Required work: Beginning at the first line of the material, output each line exactly until you reach and include the line containing "Busch 45901 - MG". Leave every picture out.

<<<<

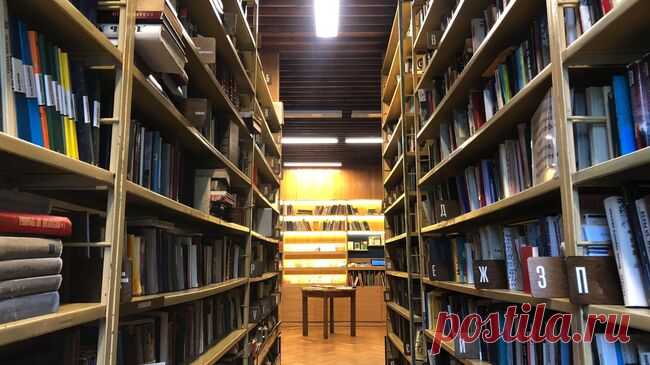 В библиотеке на востоке Москвы нашли подозрительную коробку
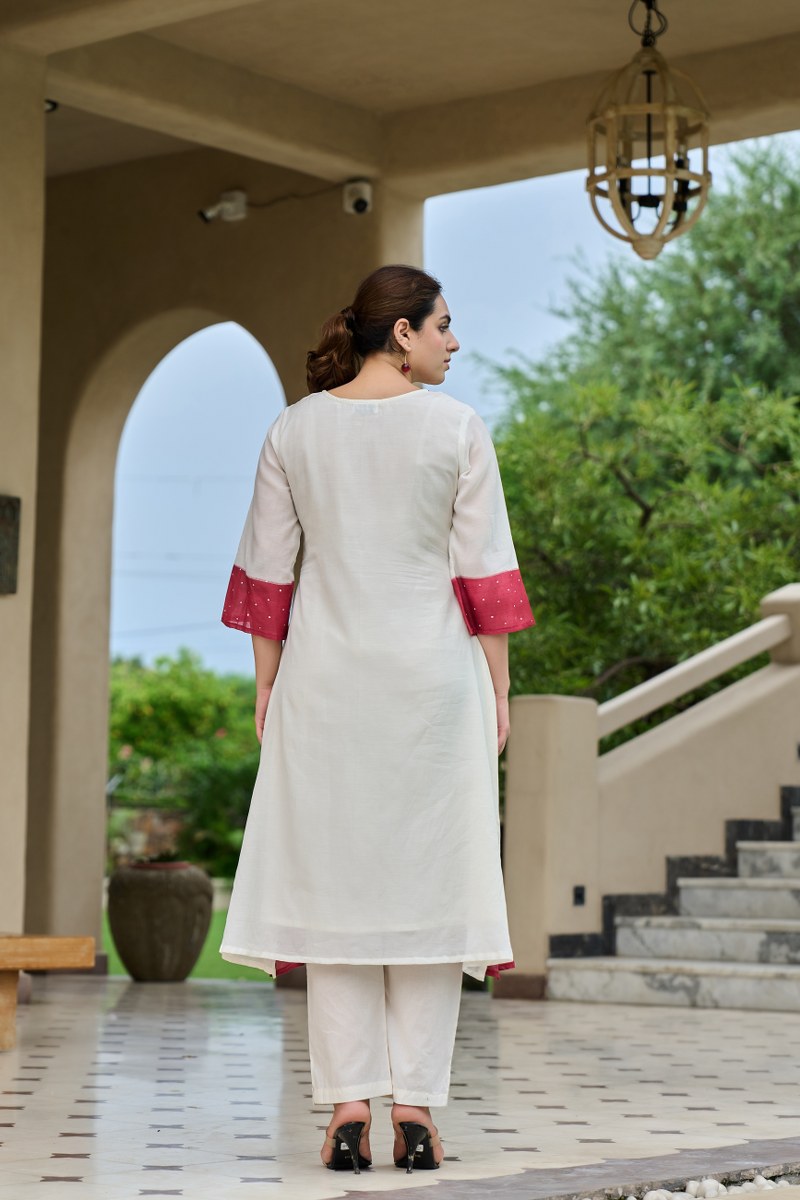 Elegant Off White & Red Cotton Printed Kurti for Women – Comfortable Daily Wear Ethnic Dress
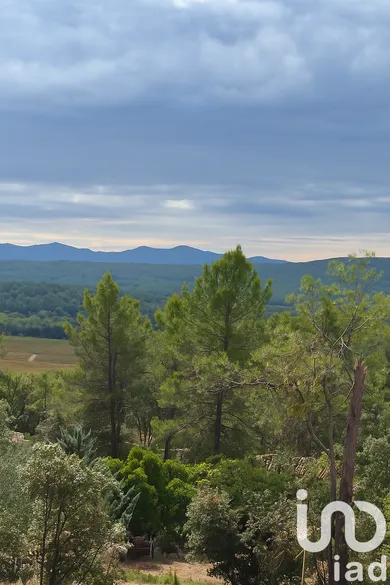 Maison traditionnelle à Lorgues (83510)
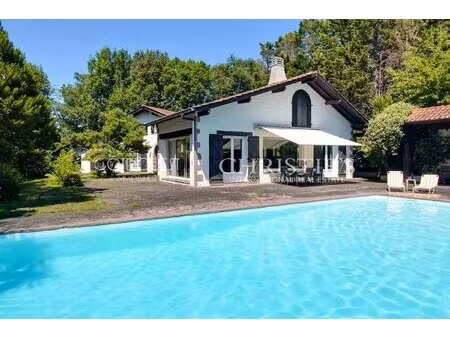 for sale ascain ascain - a spacious villa with a swimming pool with id 3682362387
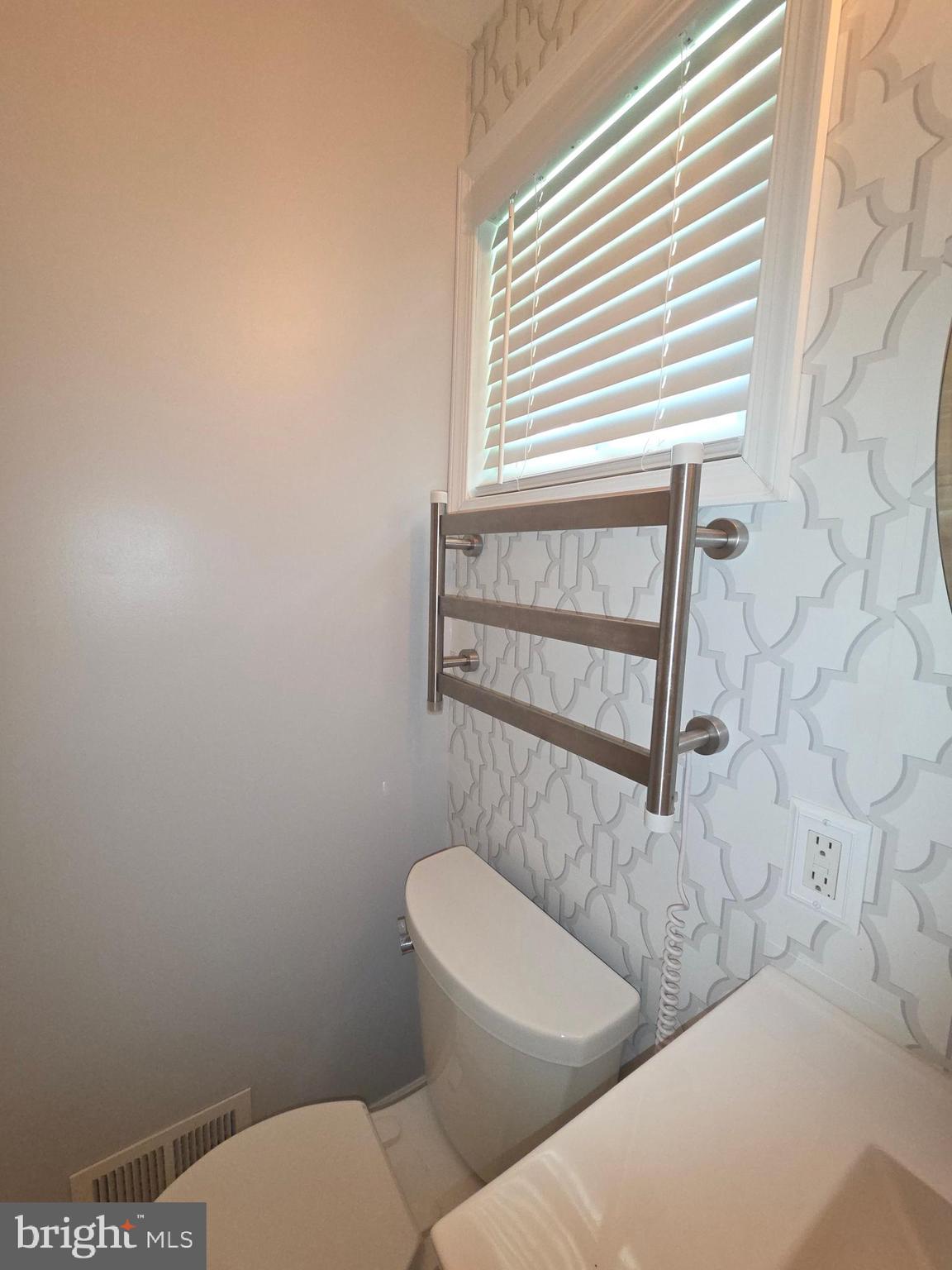 3002 Ivy Bridge Road Fort Washington, MD 20744 - Photo 69 of 71 a white toilet sitting next to a bath tub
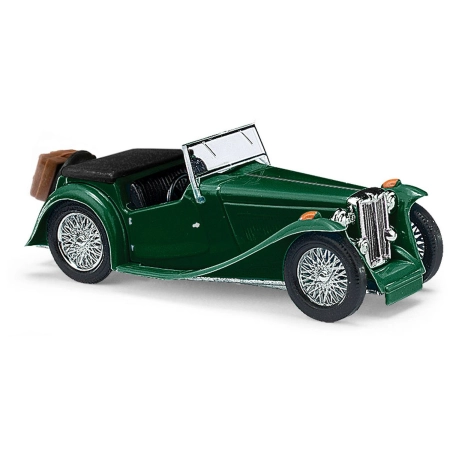 Busch 45901 - MG Midget TC kabriolet otwarty z bagażnikiem i walizką.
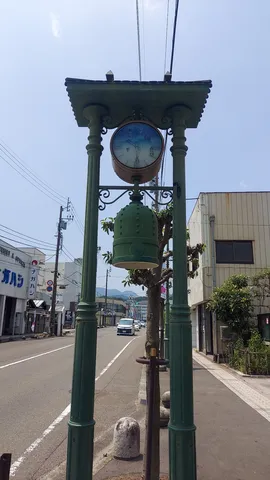 古時計と青い空、街の静寂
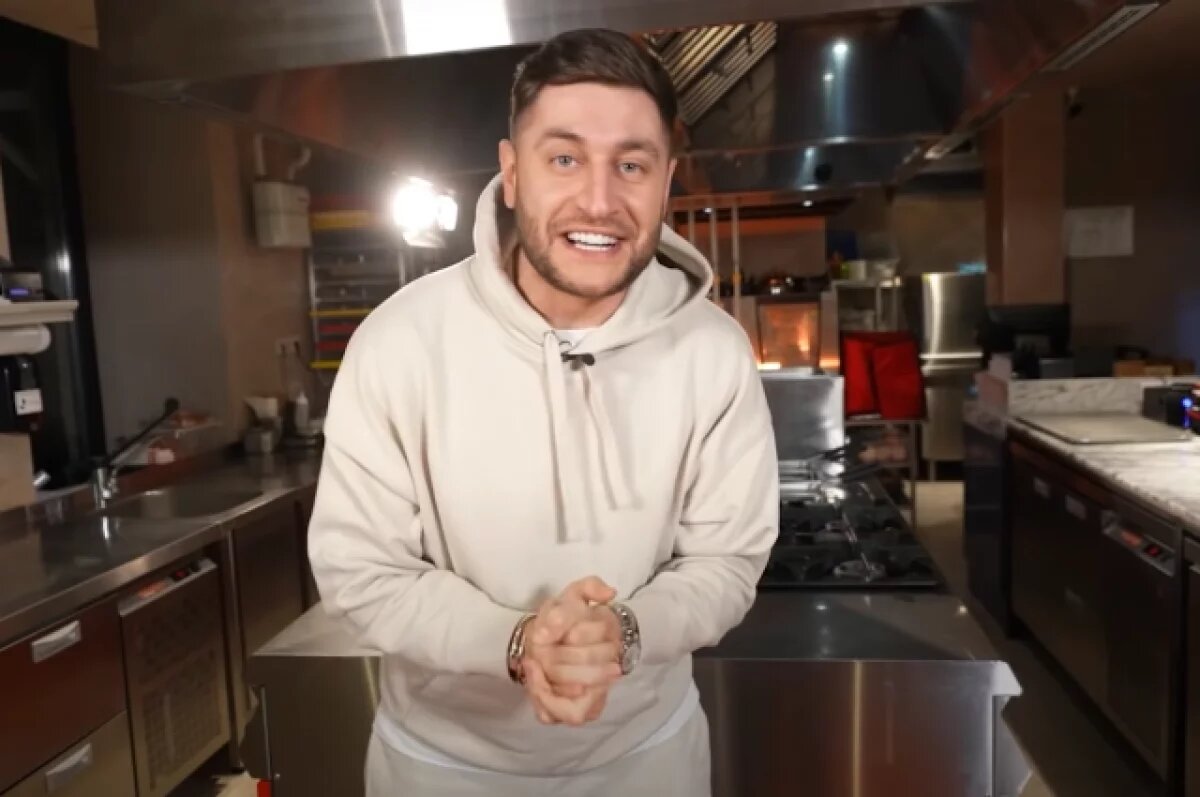    Блогер Дава признался, что полностью доверяет жене Мари Краймбрери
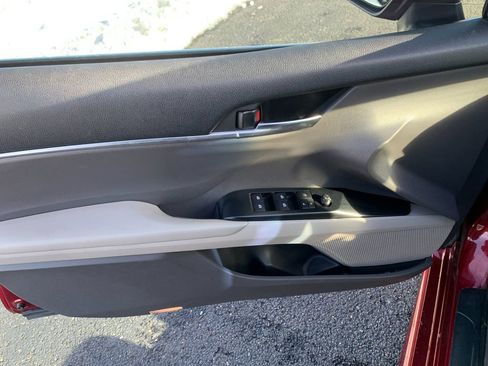 Used 2018 Toyota Camry SE image 13
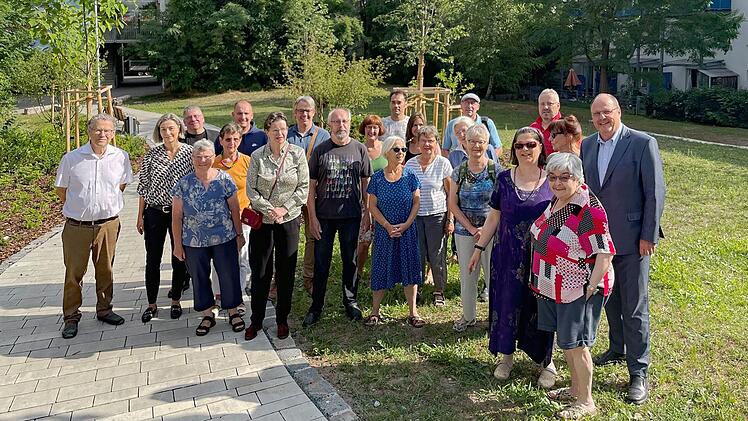 N&uuml;rnberg: Nach Umgestaltung - Gr&uuml;nanlage und Stadtplatz Neubleiche feierlich er&ouml;ffnet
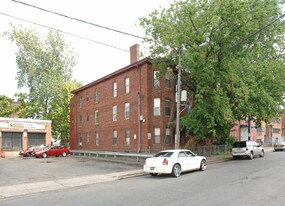 50-52 Lawrence St in Hartford, CT - Building Photo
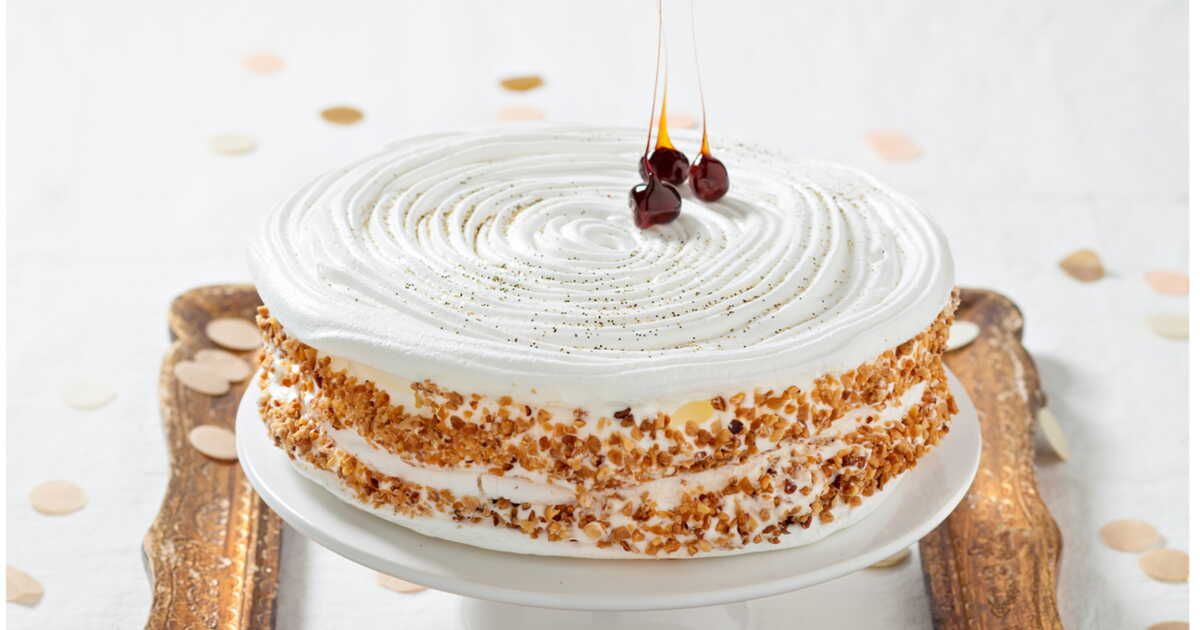 Laissez-vous séduire par la pavlova praliné-noisettes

>>>>

Reply to the exercise:
 В библиотеке на востоке Москвы нашли подозрительную коробку
 Elegant Off White & Red Cotton Printed Kurti for Women – Comfortable Daily Wear Ethnic Dress
 Maison traditionnelle à Lorgues (83510)
 for sale ascain ascain - a spacious villa with a swimming pool with id 3682362387
 3002 Ivy Bridge Road Fort Washington, MD 20744 - Photo 69 of 71 a white toilet sitting next to a bath tub
 Busch 45901 - MG Midget TC kabriolet otwarty z bagażnikiem i walizką.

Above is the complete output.